Tuesday, December 03, 2013

Company singled out in Lae roads report




By MALUM NALU
A private company NME International (PNG) Ltd has been singled out in a damning Department of Works (DoW) report into rehabilitation and upgrading of Lae city roads, which shows that  there was massive foul play in awarding of contracts amounting to almost K200 million.
The report has been given to Task Force Sweep by DoW to investigate.
The report reveals that four contracts were procured for Stage 1 amounting to K24.4 million,  12 contracts were procured for Stage 2 amounting to K104.3 million plus variations, an additional K28 million was appropriated in 2012 to settle outstanding claims, and additional funding of K27.39 million is require to complete the remaining balance of works.
The government only transferred the administration and management of Lae roads rehabilitation and upgrading to DoW in August 2012 to ensure successful completion of ongoing works.
Stage 1 works commenced in 2009 with contracts given to Dekenai Construction, East-West 1 Ltd, FTM Construction and Lae Engineering Ltd.
“In line with the National Government’s aspiration to upgrade the Lae City Roads to a Standard Urban City Road status, K50 million was allocated in 2010 supplementary budget,” the report says.
“By the virtue of the appropriation bill, the funding was allocated to DoW,  however, the projects were hijacked at the central agencies and Central Supply and Tenders Board (CSTB).
“NME International (PNG) Ltd (NME) was engaged as State’s representative to manage all aspects (design, procurement, project management) of these projects.
“A detailed audit has been undertaken to establish the project financial and physical status.
“The audit reveals that 12 contracts were procured which equates to K104.3 million, including variations.
“The State erred from the beginning by awarding contracts above the K50 million funding appropriation.
“Additional K28 million was appropriate in 2012 to settle outstanding claims certified by NME as well as completing the outstanding works under Stage 2.
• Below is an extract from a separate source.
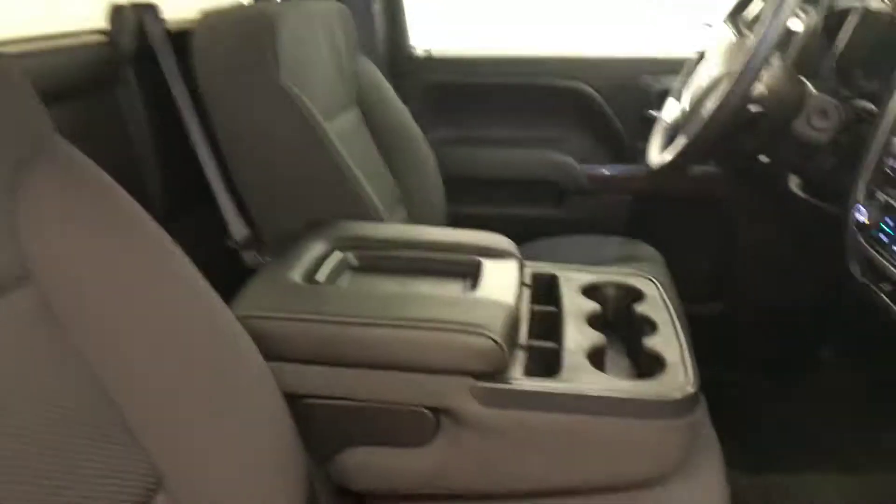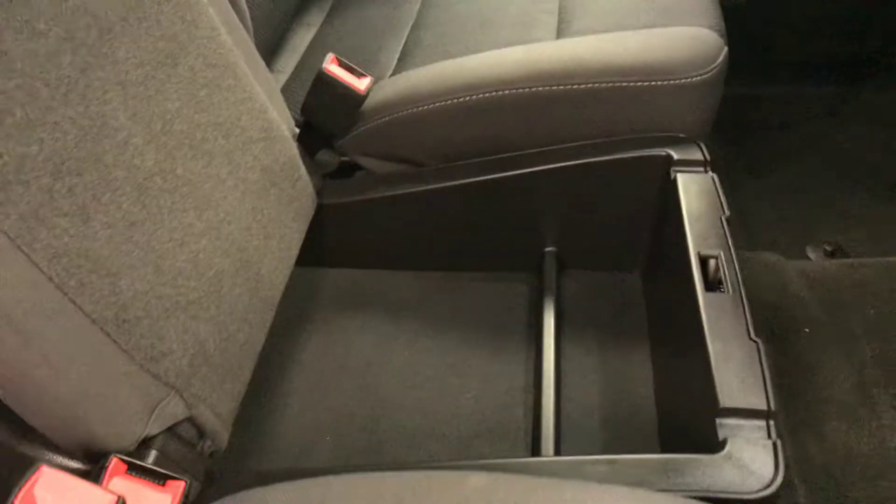Passenger side options include power windows and locks, 40-20-40 split seating arrangement, and you can fold those seats up for more cargo space.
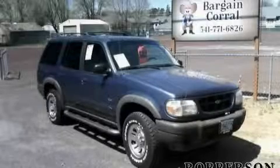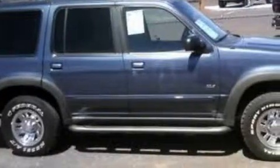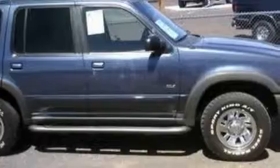This is a 2000 Ford Explorer for when safety, size, and space are of importance. It features a 4.0 liter 6-cylinder engine and an automatic transmission.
“Most of these projects were procured under certificate of inexpediency (COI).
“There was no justification for the expedited procurement for such important projects.
“Ample time should be given for proper planning and technical design necessary to make informed investment decisions.
“Consequently, lot of ambiguities and variations has surfaced, thus DOW is doing its best to address and conclude these projects.
“NME scoped for concrete pavement works, a highly technical task.
“There was no proper design to guide contractors.
“Most contractors lacked experience in such projects and were not familiar in executing it.
“Inefficiency of unskilled contractors in concrete pavement and buildable design resulted in poor performance and slow progress.
“Engineers’ estimates were unavailable to compare and review the contractor’s prices.
“All contracts were awarded as per contractor’s pricing.
“These prices were further inflated by variations due to poor scoping and design.
“Department of Finance (DOF) paid over K30million in advance to contractors to commence work.
“Some commenced as expected, however other did not commence until October 2012.
“Due to misprocurement, some contracts have been suspended awaiting further instruction from CSTB.”